## MNIST (handwritten digits dataset)
___
Every machine learning student knows about the MNIST dataset. Fewer know what the acronym stands for. In fact, we had to look it up to be able to tell you that the M stands for Modified, and NIST stands for National Institute of Standards and Technology. Now you probably know something that an average machine learning expert doesn’t!

## The types of ML
___
**Supervised learning**: We are given an input, for example a photograph with a traffic sign, and the task is to predict the correct output or label, for example which traffic sign is in the picture (speed limit, stop sign, etc.). In the simplest cases, the answers are in the form of yes/no (we call these binary classification problems).

**Unsupervised learning**: There are no labels or correct outputs. The task is to discover the structure of the data: for example, grouping similar items to form “clusters”, or reducing the data to a small number of important “dimensions”. Data visualization can also be considered unsupervised learning.
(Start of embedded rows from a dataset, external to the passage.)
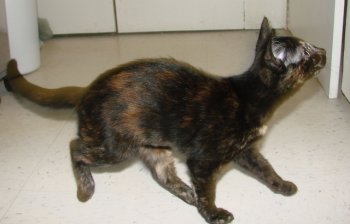 picture of Blinky, a Domestic Short Hair tortoise-shell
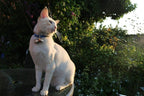 Beau's Bells 2 Extra Loud Cat & Dog Bells | Pet Tracker | Save Birds & Wildlife | Luxury Handmade Copper (Medium)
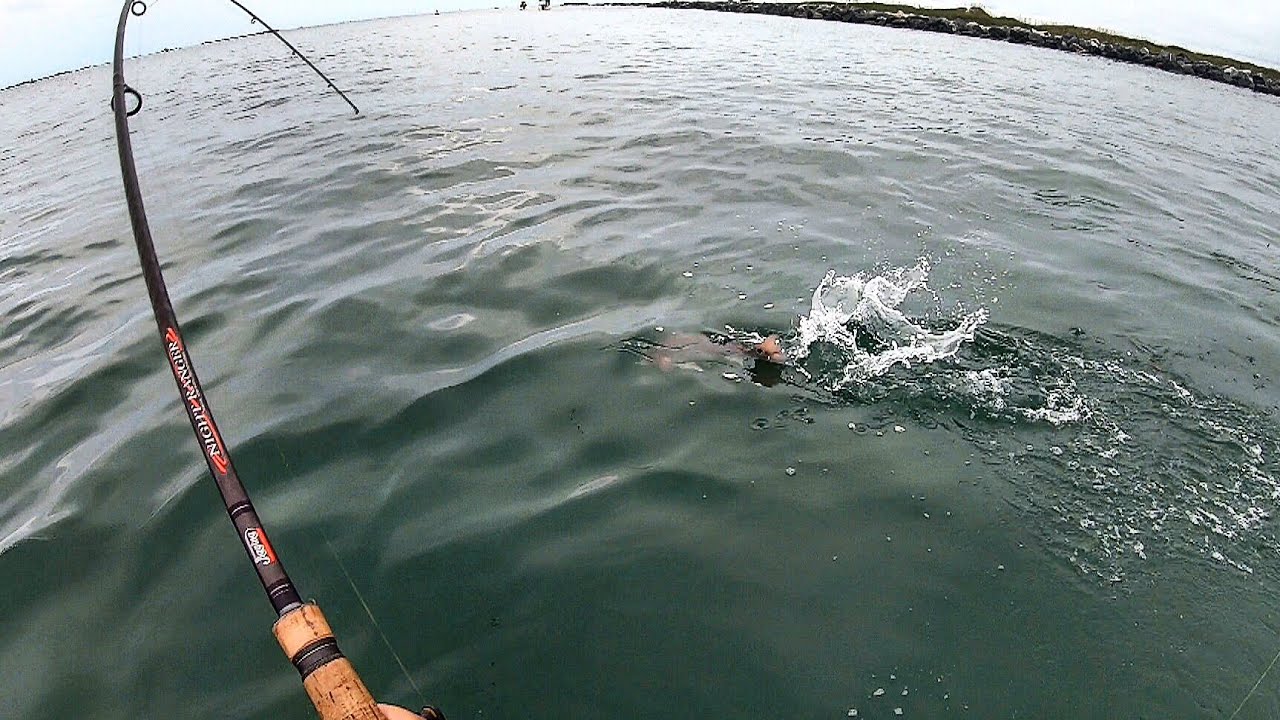 Jetty To Backwater - Flounder Pursuit!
**Reinforcement learning**: Commonly used in situations where an AI agent like a self-driving car must operate in an environment and where feedback about good or bad choices is available with some delay. Also used in games where the outcome may be decided only at the end of the game.

The categories are somewhat overlapping and fuzzy, so a particular method can sometimes be hard to place in one category. For example, as the name suggests, so-called **semisupervised learning** is partly supervised and partly unsupervised.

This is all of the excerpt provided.